В мединституте мамы не было, недалеко жил профессор Голуб, с которым мама теперь работала, я нашел его квартиру, она была пустая. Через много лет я узнал, что произошло: мама, как только стали бомбить город, села на попутную машину и поехала за мной по шоссе в Ратомку. Она приехала туда и увидела разбитый лагерь…

Из города все куда-то уходили. Я решил, что до Ленинграда дальше, чем до Москвы в Ленинграде у меня папа, но он на фронте, а в Москве у меня тетушки, они-то никуда не уедут. В дороге присоединился к одной женщине с девочкой. Получилось так как, что она поняла, что я один. что у меня ничего нет и я голоден. Она меня позвала: «Идем к нам, вместе поедим».

Помню, что тогда впервые в жизни ел лук с салом. Сначала я морщился, потом все-таки съел. Если налет или бомбежка, я всегда смотрел: где эта женщина со своей девочкой? Вечером выбрали канаву и расположились отдохнуть. Бомбили нас беспрерывно. Женщина оглянулась и вскрикнула, я тоже приподнялся и посмотрел в ту сторону, в которую только что смотрела она, увидел, как летит на бреющем полете самолет и рядом с мотором у него на плоскостях поблескивают огоньки. И по направлению этих огоньков рядом с канавой поднимаются фонтанчики пыли.

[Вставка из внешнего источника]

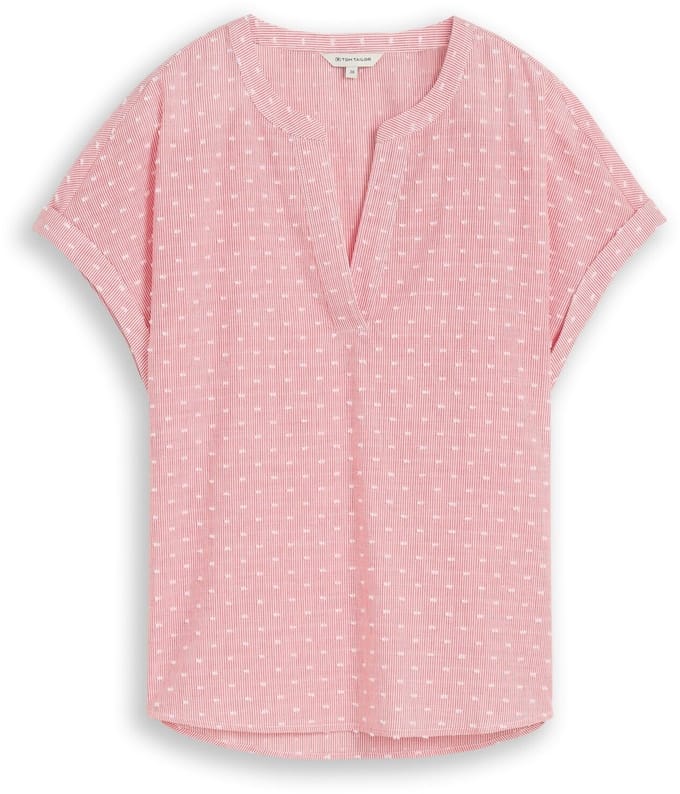 Tom Tailor - Losvallende blouse met borduursel - Maat 36 - red dobby stripe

Совершенно инстинктивно я рухнул на дно канавы, потому что обстреливали нас уже не первый раз и я знал, что поглубже в землю надо зарыться, закопаться.

Пулеметная очередь простучала над головой, и самолет ушел дальше. Я поднимаюсь и вижу: лежит эта женщина на скате канавы, а вместо лица у нее кровавое месиво. Вот здесь я испугался, выскочил из канавы и бросился бежать. С тех пор, и даже сейчас, меня мучает вопрос: а что с той девочкой? Больше я ее не встретил…

Когда бомбежка прекратилась, пошел в деревню. На улице под деревьями там увидел немецких раненых. Жителей деревни выгоняли из домов, заставляли носить воду, немецкие санитары грели ее на костре в больших ведрах. Утром немцы положили раненых на машины и в каждую машину посадили одного-двух мальчиков. Нам дали фляги с водой и показали, что мы должны помогать: кому смочить платок и положить на голову, кому смочить губы. Раненый просит: «Вассер… Вассер…» Прикладываешь флягу к его губам, и тебя бьет дрожь. Не определю и сейчас чувство, которое испытывал тогда.

Жалость? Нет. Брезгливость? Нет. Ненависть? Тоже нет. Тут было все вместе. Ненависть в человеке тоже формируется, она не изначальна. Мы ведь воспитывались в добре, в гуманном отношении ко всем людям. Когда первый немец ударил меня, я не боль почувствовал, испытал другое. Как это он меня ударил, по какому праву он меня ударил? Это было потрясение. Мы не понимали, как ни за что можно ударить человека.